テクノロジーは、新しい価値・需要・仕事を生みだす
――先ほどタクシーをハックするという言葉が出ましたが、今後はどのようなテクノロジーを導入していきたいと考えていらっしゃいますか。
理念である「移動で人を幸せに」は、A地点からB地点へ移動するという行動の意味合いも変えていきたいということも指しています。理想なのは、移動時間を認識させず、気づいたら目的地へ着いていたという「どこでもドア」のような体験を実現させたいです。たとえばVRを用いて、タクシーの移動時間中に海外の町並みの観光や英会話レッスンなどを体験いただく。また車内全面にシート型の液晶パネルを貼り映像を流せば、特別な体験にできます。実際に車内全面を液晶化する技術は海外で開発が進んでいるとのことですが、VRの難点である乗り物酔いが解消されると期待しています。ときには学術的なサポートもいただきつつ研究を重ね、移動体のためではない技術も、積極的に取り入れたいと考えているんです。
また業務効率の改善にも、テクノロジーを取り入れていきたいです。現在、行灯にレーダーを設置する計画も考えておりまして、走行時の様々な情報を取得し、自動運転やAI配車などへ反映させたいですね。AI配車が実現すると、タクシーの配車バランスが最適化され、お客さまが乗りたいときに乗れるという状態が生まれます。また、お客さまを効率よくキャッチアップするルートが算出されるため、乗務員もスキルのみに頼ることなく、乗車機会を逃すというリスクを軽減できます。過疎地で導入が始まっているタクシーの貨客混載も、生産性の向上につながることでしょう。
AIスピーカー向けのサービスは、シニアの方やITに慣れている次世代のお客さまを想定して開発を進めています。
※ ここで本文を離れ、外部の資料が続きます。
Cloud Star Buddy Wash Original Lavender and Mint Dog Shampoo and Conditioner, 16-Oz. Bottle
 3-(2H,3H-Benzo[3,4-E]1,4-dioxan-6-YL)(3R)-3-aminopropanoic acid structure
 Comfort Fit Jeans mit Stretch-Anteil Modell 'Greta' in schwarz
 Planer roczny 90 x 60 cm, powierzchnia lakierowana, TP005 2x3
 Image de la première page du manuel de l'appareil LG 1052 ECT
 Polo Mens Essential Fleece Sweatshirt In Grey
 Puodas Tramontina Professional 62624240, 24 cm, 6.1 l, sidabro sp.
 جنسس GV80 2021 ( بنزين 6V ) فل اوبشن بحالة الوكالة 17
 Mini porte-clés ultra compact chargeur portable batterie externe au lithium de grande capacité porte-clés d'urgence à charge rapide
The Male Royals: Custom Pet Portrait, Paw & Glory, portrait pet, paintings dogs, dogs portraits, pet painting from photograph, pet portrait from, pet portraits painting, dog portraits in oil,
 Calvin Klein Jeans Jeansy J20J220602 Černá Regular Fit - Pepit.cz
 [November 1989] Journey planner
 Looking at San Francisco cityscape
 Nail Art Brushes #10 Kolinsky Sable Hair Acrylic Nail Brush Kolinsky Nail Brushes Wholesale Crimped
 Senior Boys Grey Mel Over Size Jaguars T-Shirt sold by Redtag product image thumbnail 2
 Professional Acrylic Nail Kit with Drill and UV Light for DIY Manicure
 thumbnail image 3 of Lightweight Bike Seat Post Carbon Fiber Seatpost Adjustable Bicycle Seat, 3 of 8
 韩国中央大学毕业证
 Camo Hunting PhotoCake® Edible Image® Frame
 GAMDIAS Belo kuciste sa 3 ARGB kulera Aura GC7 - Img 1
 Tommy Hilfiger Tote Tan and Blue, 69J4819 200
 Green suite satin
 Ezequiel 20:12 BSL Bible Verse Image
「今すぐに、ここへ来て」というリクエストに対応できるレベルまで叶えたい。未来のために、様々なことを試しています。
――テクノロジーが発展していくことで、たとえば乗務員の仕事がなくなってしまうのでは、といった懸念はありませんでしたか?

私たちは、タクシードライバーではなくサービスを提供するという意味合いから乗務員と呼んでいます。今は安全に運転することがメインの業務ですが、将来的にはお客さまの乗車体験そのものに従事する移動のコンシェルジュのような存在になるでしょう。いずれ一般道は乗務員が運転し、高速道路は自動運転に切り替えるという使い分けが現実のものとなります。そのとき乗務員は、お客さまの乗車時間をプロデュースする立場になるのです。
現在も観光案内をするタクシーや、お年寄りやお体の不自由な方のためのサポートタクシー、お子さまの送迎を専門とするキッズタクシーはキャンセル待ちが出るほどの人気ぶりです。これらは移動だけでなくサービスを提供しているのであり、ますますニーズは増えていくと考えています。テクノロジーで「お客さまを探す、待つ」という時間から乗務員を解放し、より安全な運転、そして付加価値の高いサービスを提供する仕事へと変えていきたいです。
移動市場を変えていくテクノロジーを重視
――テクノロジーと資産を組み合わせることで、新しいサービスを展開してきたJapanTaxiの、今後の展望についてお教えください。
タクシーの歴史を振り返りますと、個人タクシーが許可され「個人タクシー業者」が営業を開始したのは、東京オリンピックが開催される少し前の1959年のことです。同様に、2020年へ向けた社会インフラの大きな変化は始まっています。私たちも、今からの2年間とオリンピック後を見据えて、タクシーが持つ可能性の拡大に尽力していきます。
そして私たちを突き動かすものは、タクシーだけでなく、移動のマーケット全体を楽しく豊かにし、新しい価値を提供していきたいという思いです。マーケティングコミュニケーションだけでなく、お客さまの乗車体験・移動にまつわる体験を変えられるかという視点で、テクノロジーを活用していきたいですね。同業他社の参入も市場の活性化につながりますし、把握しきれないほどのテクノロジーが誕生していますから、移動の未来はもっとおもしろいことになっていくと、私たちも期待しています。